“Nos données personnelles devraient être payantes”

Les inégalités entre les riches et les pauvres risquent de se creuser encore davantage avec la révolution de l’automatisation. Dans ce contexte, il sera sans doute nécessaire de trouver des solutions pour éviter le risque d’exclusion des masses, et pour beaucoup d’économistes, la solution serait la création d’un revenu de base minimum. Mais se pose alors la question du financement d’un tel projet. Manuel Ochoa Ayala, un chercheur de l’Economic and Business Research Institute, propose de rendre payantes les données personnelles exploitées par les firmes du secteur du numérique.

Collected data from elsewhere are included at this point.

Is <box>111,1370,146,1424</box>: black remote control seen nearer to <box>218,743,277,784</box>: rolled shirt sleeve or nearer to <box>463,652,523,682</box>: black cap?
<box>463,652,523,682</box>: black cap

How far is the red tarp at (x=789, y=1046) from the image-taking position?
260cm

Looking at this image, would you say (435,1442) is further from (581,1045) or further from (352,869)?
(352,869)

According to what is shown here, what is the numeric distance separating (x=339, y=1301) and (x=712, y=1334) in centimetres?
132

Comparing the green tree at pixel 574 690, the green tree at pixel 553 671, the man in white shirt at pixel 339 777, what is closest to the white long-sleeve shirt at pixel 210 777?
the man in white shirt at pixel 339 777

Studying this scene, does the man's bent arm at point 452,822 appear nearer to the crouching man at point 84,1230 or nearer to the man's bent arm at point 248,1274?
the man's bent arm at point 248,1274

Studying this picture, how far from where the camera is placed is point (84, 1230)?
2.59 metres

Actuellement, nous remettons ces données gratuitement aux grandes entreprises de technologie, qui les exploitent pour concevoir des services plus personnalisés, mais surtout pour les revendre à des annonceurs, qui peuvent ainsi cibler plus précisément leurs messages publicitaires.

Des montants de données colossaux, sans contrepartie

Peu d’utilisateurs réalisent le volume colossal de la masse de données qu’ils cèdent sans aucune contrepartie aux firmes du numérique. Nous avons tous tendance à penser que notre utilisation gratuite des services fournis par Google et Facebook compense cette concession. Mais il n’en est rien, et il suffit de regarder les valorisations de marché stratosphériques de ces entreprises pour le comprendre.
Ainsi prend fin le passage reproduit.